J'ai dîné dimanche soir avec Laurent et Maurad, deux jeunes employés de la société du Tour. Ils ont la tâche singulière d'effacer les slogans politiques avant le passage de la caravane et des coureurs.

Laurent et Maurad venaient de connaître une journée occupée. « Il ne reste qu'un communiste en France, rigolait Laurent, il habite dans le coin et il est déchaîné, la vache. Il a mis le paquet! On a bien dû effacer aujourd'hui cinquante « Vive le PCF, À bas Chirac »...

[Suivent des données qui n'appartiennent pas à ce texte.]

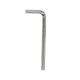 Space-saving Desktop Aluminum Alloy Vertical Laptop Holder Tablet Stand Holder For Laptop Notebook Tablet Smart Phone Macbook Samsung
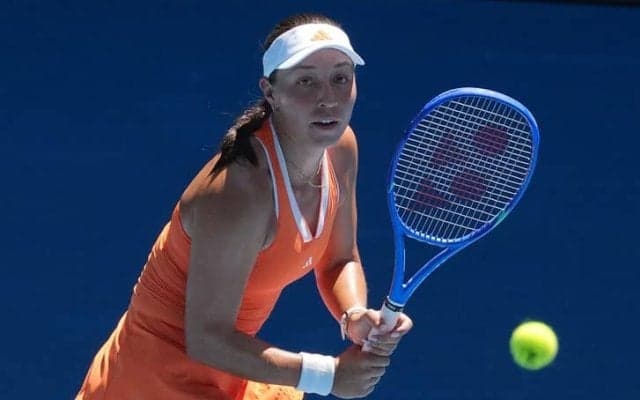 ペグラ、アニシモワとの「アメリカ対決」を制して初の4強！3年越しの壁を突破[全豪オープン]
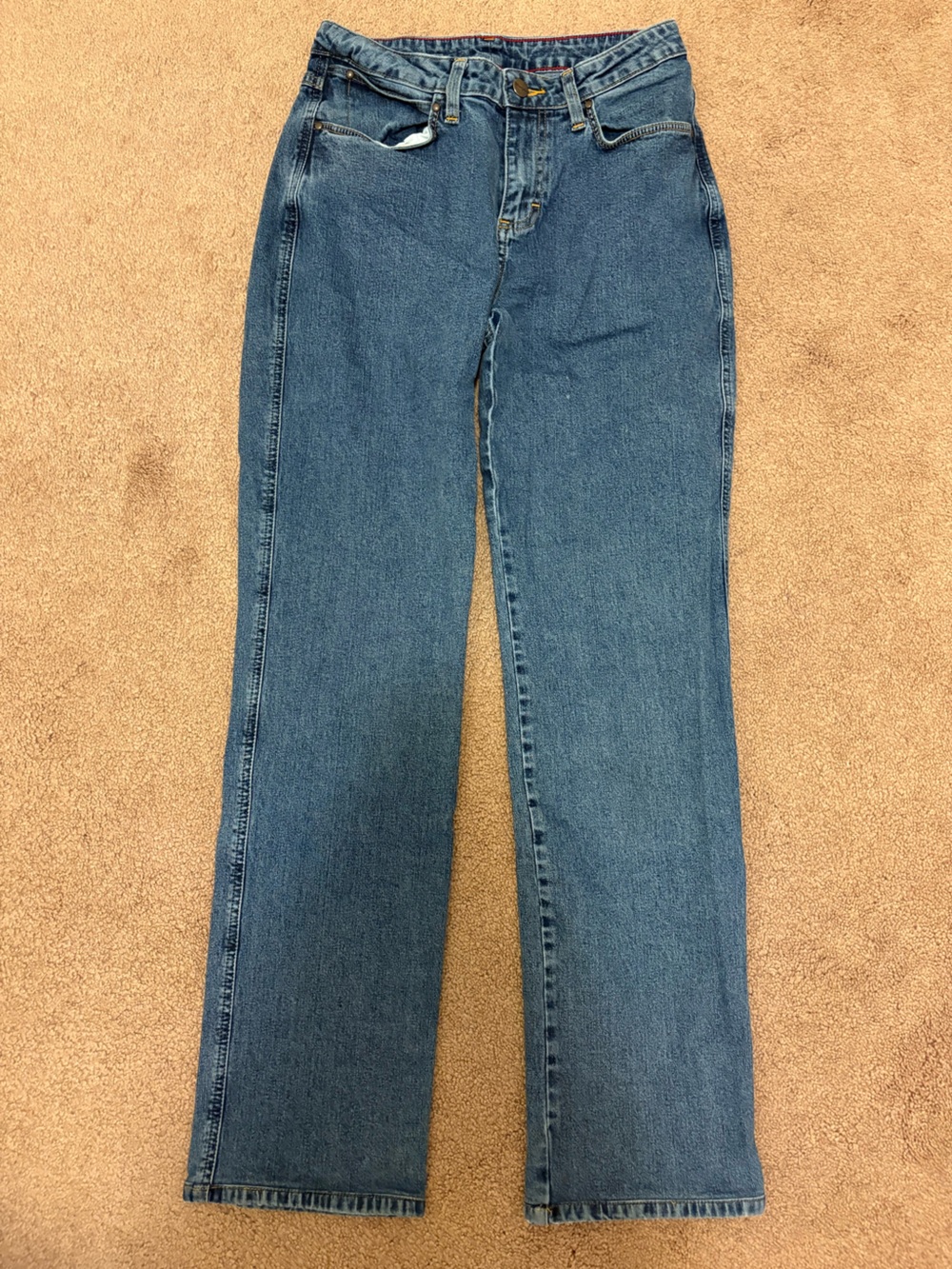 Vintage Wrangler blue jeans size 25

Avant ce job bien saisonnier, Laurent et Maurad, tous les deux 27 ans, étaient chômeurs. Laurent vendait des meubles, sa boîte a fermé. Maurad fait fonctionner, l'hiver, la remontée mécanique d'une station de ski des Alpes. Les deux ont passé leur bac technique, mais ni l'un ni l'autre ne font le métier qu'ils ont appris.

Maurad est né en France de parents algériens, c'est un «Beur», ainsi nomme-t-on les Algériens de la deuxième génération. Le racisme? Il n'a pas envie d'en parler, « ça finit toujours en discussions débiles ». Lui se considère comme Français, « la seule différence c'est que je ne mange pas de cochon »...

Laurent habite à Annecy où il paie 800 $ de loyer pour une chambre, un salon, une cuisine, un garage. Il reçoit 1300 $ par mois en prestations d'assurance-chômage. Ça fonctionne à peu près comme chez nous. Il faut avoir travaillé un certain temps. Et ça finit par finir un jour. Quand c'est fini, les chômeurs français tombent sur le RMI, le revenu minimum garanti ( leur BS ), autour de 700 $ par mois dans le meilleur des cas.

Je vous parle de la fenêtre de l'Hôtel de France. Je viens d'ouvrir les volets. Le ruisseau, la prairie, les montagnes... la France est si belle que je veux bien, ce matin, être Français.

Remarquez que cela ne changerait pas grand-chose. Sauf pour le paysage et le fricandeau de veau au sauternes et à l'oseille.

Comment dit-on déjà ? Quand on se regarde, on se désole, quand on se compare, on se console... Encore que je ne voie pas très bien quel réconfort on puisse tirer du bordel universel ambiant.